Telah menceritakan kepada kami Ahmad bin Muhammad bin Hanbal : Telah menceritakan kepada kami Ismaa’iil bin Ibraahiim : Telah mengkhabarkan kepada kami Ayyuub, dari ‘Ikrimah : Bahwasannya ‘Aliy ‘alaihis-salaam pernah membakar orang-orang yang murtad dari Islam. Lalu sampailah berita itu kepada Ibnu ‘Abbaas hingga ia berkata : "Sungguh, aku tidak akan membakar mereka dengan api. Sesungguhnya Rasulullah shallallaahu 'alaihi wa sallam bersabda : ‘Janganlah kalian menyiksa dengan siksaan Allah’. Dan aku memerangi mereka berdasarkan sabda Rasulullah shallallaahu 'alaihi wa sallam. Sesungguhnya Rasulullah shallallaahu 'alaihi wa sallam bersabda : ‘Barangsiapa mengganti agamanya, maka bunuhlah ia’. Maka sampailah perkataan itu pada ‘Aliy, dan ia berkata : ‘Waiha Ibna ‘Abbaas’ [Diriwayatkan oleh Abu Daawud no. 4351].
Apa makna waiha Ibn ‘Abbaas (وَيْحَ ابْنِ عَبَّاسٍ) ? Kata وَيحٌ dalam bahasa ‘Arab bisa bermakna iba, kasih sayang, kecelakaan, pujian, atau kaguman;  tergantung konteks kalimatnya. Di sini – sesuai konteks kalimatnya – kata tersebut bermakna pujian, kekaguman, dan sekaligus pembenaran, sebab kata وَيحٌ telah dijelaskan dalam riwayat yang dibawakan oleh At-Tirmidziy dengan : صَدَقَ ابْنُ عَبَّاسٍ (‘Benarlah Ibnu ‘Abbas’). Oleh karena itu, antara riwayat Abu Dawud dan At-Tirmidziy ini bukan riwayat yang bertolak belakang, namun saling menjelaskan satu dengan yang lainnya [lihat An-Nihaayah fii Ghariibil-Hadiits oleh Ibnul-Atsiir, hal. 993, taqdim : Aliy Al-Halabiy, Daar Ibnil-Jauziy, Cet. 1/1421; Al-Mu’jamul-Wasiith hal. 1061, Maktabah Asy-Syuruuq Ad-Dauliyyah, Cet. 4/1425; dan Lisaanul-‘Arab oleh Ibnul-Mandhur, hal. 4937-4938, Daarul-Ma’aarif].
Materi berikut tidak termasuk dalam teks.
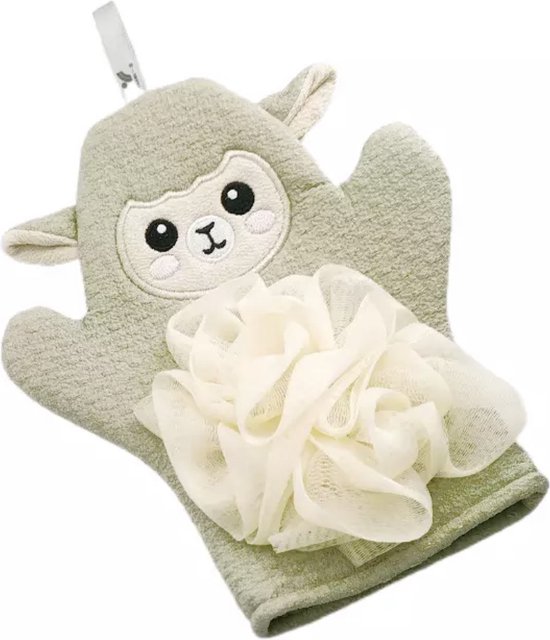 Babycure Washand | Groen | Baby Shower gloves | Washandje voor in bad of douche van Babycure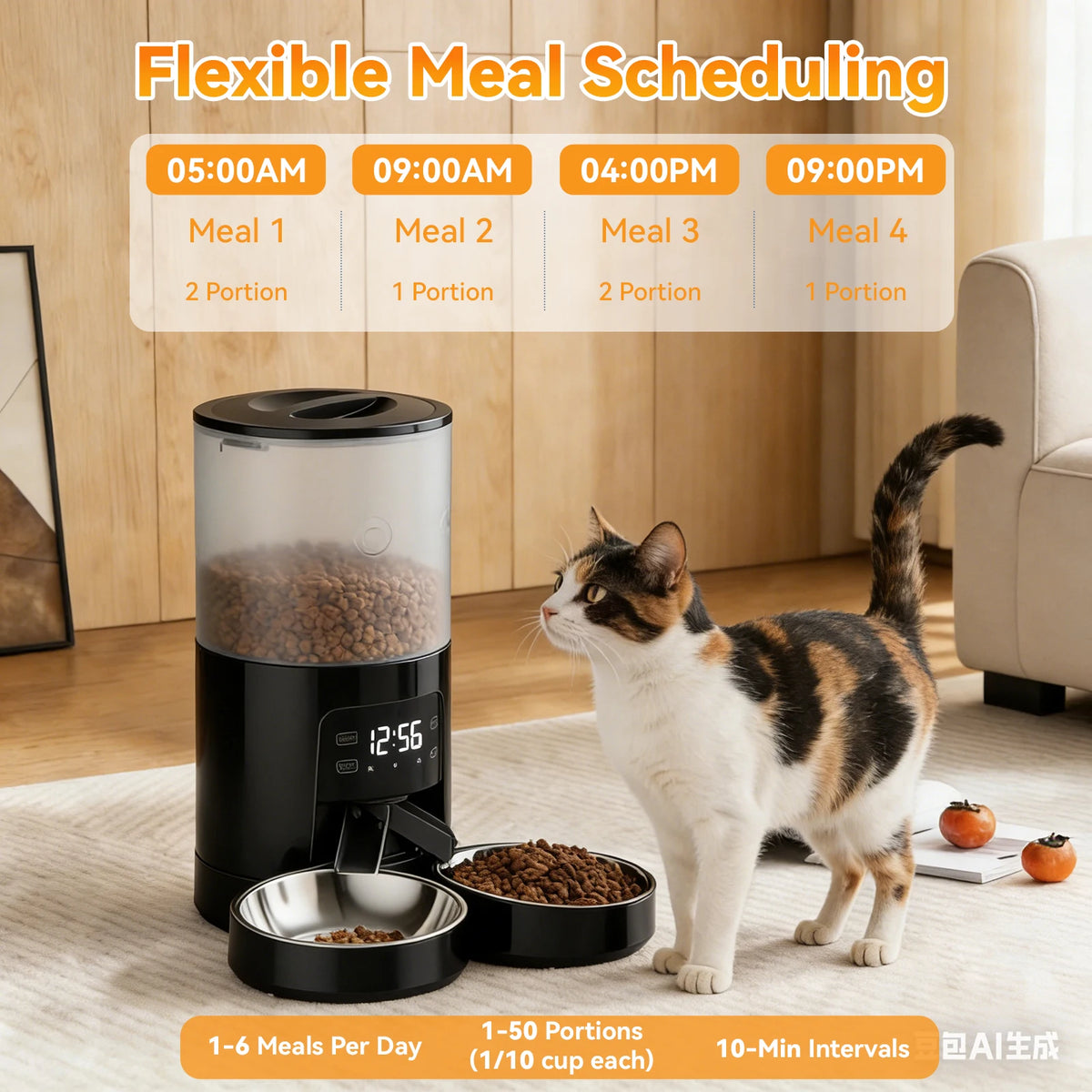 Automatic Cat Feeder Dual Stainless Bowls Timed Function Dual Power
Kalaupun misal kata ini dibawa kepada makna iba atau kasih sayang, maka ini tidak ‘nyambung’ dengan makna penerjemahan si penebar syubhat di atas. Dalam bahasa Arab, makna tarahhum atau tawajju’ ini diberikan kepada orang yang meninggal atau tertimpa musibah. Intinya, syubhat di atas muncul karena ketidakpahaman dalam bahasa ‘Arab.
Perlu diketahui bahwa peristiwa pembakaran ini pun juga disitir dalam beberapa referensi kitab-kitab Syi’ah. Para Pembaca budiman bisa membaca kembali artikel kami di : ‘Abdullah Bin Saba’ – Tokoh Nyata Yang Difiktifkan.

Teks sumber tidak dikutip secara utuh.